The cost-scarcity issue, however, played out in different ways for each participant in the assembly, depending on an institution’s relationship to available resources. Some at the table were distributors of philanthropic dollars. Some were recipients of the same. Some were both.

For funders, like Larry Jacob of the Greater Kansas City Community Foundation, the issue was not just “providing enough resources for non-profits” and supporting the non-profits in their work, but also of making sure that the recipients had the “capacity” to maximize those resources.

Brenda Sharpe of the REACH Healthcare Foundation put the burden on the funders “to leverage all available resources” with the goal being “to create or strengthen a fragile safety net for the indigent, uninsured and underinsured.” Said Sharpe, “We have it all here. We just need to deploy.”

Jeff Ellis, a veteran health care attorney with Lathrop & Gage, recognized the demands of scarcity both from the perspective of the donor and the recipient. On the one hand, he saw the need for a “metro-wide coordination of our philanthropic efforts” among the funders and for the development of “professional governance” among those funded.

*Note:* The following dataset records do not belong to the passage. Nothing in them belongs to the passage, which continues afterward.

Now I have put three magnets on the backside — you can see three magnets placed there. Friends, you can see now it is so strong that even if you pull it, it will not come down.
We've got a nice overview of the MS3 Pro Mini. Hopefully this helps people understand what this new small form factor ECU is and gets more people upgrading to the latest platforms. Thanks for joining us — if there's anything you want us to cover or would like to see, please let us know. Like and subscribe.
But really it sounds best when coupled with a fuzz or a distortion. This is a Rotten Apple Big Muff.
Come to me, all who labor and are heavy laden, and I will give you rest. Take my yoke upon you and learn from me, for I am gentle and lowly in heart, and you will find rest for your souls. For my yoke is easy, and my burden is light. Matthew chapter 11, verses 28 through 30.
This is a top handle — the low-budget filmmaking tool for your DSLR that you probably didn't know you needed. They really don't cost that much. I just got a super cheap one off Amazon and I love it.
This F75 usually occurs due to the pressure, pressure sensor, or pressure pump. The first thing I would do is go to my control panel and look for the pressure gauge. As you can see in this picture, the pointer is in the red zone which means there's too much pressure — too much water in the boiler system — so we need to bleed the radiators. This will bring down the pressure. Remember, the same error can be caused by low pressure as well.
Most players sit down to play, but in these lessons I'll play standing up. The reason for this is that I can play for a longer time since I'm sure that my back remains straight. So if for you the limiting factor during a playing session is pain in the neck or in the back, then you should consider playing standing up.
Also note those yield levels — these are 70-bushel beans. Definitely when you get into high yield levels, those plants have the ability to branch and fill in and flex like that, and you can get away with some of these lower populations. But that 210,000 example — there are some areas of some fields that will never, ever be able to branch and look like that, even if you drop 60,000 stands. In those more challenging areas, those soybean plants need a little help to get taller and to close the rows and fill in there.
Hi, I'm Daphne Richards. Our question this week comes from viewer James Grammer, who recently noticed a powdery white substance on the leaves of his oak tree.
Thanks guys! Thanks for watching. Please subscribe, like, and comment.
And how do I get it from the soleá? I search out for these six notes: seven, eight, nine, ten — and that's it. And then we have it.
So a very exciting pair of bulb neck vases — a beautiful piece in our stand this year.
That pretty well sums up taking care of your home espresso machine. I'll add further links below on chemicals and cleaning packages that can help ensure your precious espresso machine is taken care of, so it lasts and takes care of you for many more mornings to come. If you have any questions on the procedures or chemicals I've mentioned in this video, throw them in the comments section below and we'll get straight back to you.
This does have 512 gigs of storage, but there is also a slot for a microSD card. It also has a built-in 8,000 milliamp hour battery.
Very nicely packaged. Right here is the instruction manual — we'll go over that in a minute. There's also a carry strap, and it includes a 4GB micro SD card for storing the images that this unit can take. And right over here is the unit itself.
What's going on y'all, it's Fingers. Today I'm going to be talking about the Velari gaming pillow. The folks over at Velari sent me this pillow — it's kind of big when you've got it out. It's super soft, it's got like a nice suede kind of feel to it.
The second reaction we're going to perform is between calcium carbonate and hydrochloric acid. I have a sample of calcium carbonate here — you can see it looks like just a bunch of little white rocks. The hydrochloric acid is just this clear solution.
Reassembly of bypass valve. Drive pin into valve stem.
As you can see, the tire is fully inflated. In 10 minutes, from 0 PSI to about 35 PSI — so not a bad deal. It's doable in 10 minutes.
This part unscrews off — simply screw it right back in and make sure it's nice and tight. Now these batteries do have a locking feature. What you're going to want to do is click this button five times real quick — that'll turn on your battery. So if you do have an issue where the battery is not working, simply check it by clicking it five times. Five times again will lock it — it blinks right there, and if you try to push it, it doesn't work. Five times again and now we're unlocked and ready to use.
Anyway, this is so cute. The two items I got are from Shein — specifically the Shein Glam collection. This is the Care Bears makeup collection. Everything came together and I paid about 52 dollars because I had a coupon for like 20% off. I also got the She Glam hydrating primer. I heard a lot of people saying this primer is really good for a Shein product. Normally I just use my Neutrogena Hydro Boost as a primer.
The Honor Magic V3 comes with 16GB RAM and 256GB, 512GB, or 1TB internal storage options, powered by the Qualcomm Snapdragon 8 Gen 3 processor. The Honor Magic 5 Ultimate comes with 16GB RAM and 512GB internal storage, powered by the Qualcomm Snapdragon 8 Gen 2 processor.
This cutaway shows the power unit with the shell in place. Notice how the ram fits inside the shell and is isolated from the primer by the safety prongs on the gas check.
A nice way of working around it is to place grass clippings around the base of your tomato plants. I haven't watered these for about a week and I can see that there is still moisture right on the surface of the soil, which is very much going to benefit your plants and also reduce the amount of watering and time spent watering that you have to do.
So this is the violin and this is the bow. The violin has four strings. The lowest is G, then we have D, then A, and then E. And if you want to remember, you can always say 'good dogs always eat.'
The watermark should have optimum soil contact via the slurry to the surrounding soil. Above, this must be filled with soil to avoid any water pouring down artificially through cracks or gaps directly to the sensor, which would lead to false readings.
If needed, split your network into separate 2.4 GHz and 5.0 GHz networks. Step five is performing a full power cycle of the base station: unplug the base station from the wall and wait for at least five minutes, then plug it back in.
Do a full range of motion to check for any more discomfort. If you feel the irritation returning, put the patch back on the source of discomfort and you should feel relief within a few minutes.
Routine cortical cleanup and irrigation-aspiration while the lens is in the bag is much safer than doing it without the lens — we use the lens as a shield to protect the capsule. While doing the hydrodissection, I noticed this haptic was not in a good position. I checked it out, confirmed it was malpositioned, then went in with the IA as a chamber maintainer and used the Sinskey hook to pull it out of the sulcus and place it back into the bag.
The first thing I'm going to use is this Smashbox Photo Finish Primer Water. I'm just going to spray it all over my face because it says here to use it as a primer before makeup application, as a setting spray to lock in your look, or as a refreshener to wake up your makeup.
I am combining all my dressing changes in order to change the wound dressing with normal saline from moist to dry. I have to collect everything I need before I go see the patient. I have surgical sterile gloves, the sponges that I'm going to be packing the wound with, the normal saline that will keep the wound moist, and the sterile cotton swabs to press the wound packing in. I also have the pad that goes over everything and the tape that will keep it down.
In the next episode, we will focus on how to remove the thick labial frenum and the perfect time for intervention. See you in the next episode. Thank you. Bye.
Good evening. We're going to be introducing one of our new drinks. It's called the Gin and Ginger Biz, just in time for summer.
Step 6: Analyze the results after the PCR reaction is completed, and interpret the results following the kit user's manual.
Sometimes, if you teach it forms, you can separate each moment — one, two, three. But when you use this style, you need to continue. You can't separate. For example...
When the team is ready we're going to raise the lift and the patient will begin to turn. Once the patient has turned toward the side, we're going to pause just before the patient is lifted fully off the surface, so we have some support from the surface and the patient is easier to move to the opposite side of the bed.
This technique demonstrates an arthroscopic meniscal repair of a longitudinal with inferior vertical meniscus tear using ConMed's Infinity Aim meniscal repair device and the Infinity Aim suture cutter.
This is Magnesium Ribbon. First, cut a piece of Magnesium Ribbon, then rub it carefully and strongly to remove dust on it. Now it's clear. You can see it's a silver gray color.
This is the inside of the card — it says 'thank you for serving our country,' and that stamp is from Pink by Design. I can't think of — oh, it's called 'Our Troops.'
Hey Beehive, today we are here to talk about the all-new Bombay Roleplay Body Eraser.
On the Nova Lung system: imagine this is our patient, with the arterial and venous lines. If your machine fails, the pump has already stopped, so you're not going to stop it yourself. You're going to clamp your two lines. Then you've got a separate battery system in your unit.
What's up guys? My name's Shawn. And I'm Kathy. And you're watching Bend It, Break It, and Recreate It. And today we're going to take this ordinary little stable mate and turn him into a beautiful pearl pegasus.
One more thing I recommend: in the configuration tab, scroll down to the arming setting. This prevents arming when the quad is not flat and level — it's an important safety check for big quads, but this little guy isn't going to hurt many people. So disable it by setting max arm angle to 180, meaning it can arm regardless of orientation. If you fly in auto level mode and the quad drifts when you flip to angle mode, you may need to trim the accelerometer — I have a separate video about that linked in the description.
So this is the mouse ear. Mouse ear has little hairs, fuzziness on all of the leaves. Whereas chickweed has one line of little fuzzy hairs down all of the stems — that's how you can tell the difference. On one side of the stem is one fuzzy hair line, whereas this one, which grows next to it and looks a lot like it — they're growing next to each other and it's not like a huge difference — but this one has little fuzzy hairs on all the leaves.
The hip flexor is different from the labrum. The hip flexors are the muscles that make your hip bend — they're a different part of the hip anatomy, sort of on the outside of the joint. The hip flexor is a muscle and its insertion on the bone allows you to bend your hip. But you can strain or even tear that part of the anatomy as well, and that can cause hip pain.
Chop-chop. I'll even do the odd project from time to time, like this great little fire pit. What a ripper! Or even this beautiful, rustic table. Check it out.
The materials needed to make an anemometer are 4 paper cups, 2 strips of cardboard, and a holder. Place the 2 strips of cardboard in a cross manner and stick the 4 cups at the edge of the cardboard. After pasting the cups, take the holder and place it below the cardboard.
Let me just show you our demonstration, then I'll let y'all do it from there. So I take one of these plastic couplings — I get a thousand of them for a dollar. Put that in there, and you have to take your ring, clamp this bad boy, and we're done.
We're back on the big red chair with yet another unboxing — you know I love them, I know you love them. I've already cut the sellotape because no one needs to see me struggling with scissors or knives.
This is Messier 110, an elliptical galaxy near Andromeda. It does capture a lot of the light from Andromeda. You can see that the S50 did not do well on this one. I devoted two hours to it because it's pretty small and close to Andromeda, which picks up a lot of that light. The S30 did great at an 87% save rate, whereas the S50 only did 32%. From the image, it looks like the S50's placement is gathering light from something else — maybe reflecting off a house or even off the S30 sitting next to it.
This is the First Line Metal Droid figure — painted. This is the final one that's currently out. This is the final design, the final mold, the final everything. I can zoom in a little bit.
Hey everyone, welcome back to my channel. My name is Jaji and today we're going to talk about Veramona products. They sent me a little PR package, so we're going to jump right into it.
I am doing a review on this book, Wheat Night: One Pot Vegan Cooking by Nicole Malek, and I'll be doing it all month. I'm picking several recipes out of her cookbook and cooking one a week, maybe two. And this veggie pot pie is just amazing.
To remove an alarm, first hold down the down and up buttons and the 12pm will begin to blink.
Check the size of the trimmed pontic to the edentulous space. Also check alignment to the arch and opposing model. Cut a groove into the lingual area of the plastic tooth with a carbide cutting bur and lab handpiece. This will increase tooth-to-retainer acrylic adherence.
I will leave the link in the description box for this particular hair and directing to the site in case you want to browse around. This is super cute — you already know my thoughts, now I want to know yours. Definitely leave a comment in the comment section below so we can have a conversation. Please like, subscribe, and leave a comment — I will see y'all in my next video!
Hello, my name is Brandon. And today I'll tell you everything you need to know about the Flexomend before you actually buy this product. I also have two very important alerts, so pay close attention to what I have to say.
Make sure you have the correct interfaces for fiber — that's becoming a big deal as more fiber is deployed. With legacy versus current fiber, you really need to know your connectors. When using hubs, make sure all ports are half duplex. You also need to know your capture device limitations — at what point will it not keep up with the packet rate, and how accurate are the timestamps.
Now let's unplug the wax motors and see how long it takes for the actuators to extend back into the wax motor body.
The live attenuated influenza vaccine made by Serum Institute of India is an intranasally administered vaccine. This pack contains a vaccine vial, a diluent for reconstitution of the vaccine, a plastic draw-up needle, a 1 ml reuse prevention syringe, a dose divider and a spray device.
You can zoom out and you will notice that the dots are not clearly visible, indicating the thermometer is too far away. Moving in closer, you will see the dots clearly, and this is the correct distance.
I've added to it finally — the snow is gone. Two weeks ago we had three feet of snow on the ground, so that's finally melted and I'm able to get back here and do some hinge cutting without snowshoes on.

One way to leverage scarce resources, argued Steve Roling of the Health Care Foundation of Greater Kansas City “is to continue to tell the story of the need to increase the access to quality health care for the indigent and the poor.” Tom Dugard of the United Way worried that there were fewer people to tell the story to, given the diminishing base of the kind of large employers that traditionally support his organization and other charities.

J.E. Dunn is the kind of traditional employer that has kept the United Way and like entities vibrant. The Dunn Family Foundation currently supports some 400 local charities, many of them health care related. “Having the resources to continue to support them is very challenging,” Bob Dunn observed. Dunn sees the challenge as one worth under-taking given the “significant breakthroughs” in the last generation, one of which has allowed his father, Bill Dunn, to live long and prosper.

The scarcity of resources worried the potential recipients of those funds even more than it does the donors. Terry Snapp of the Truman Medical Center Charitable Foundation sees a critical need for institutions like his own to work harder at “attracting philanthropy dollars to offset an accelerating drop in revenue that traditionally supports public hospitals”

Bob Dunn of the Dunn Family Foundation discusses the challenges associated with addressing a growing number of not-for-profit requests.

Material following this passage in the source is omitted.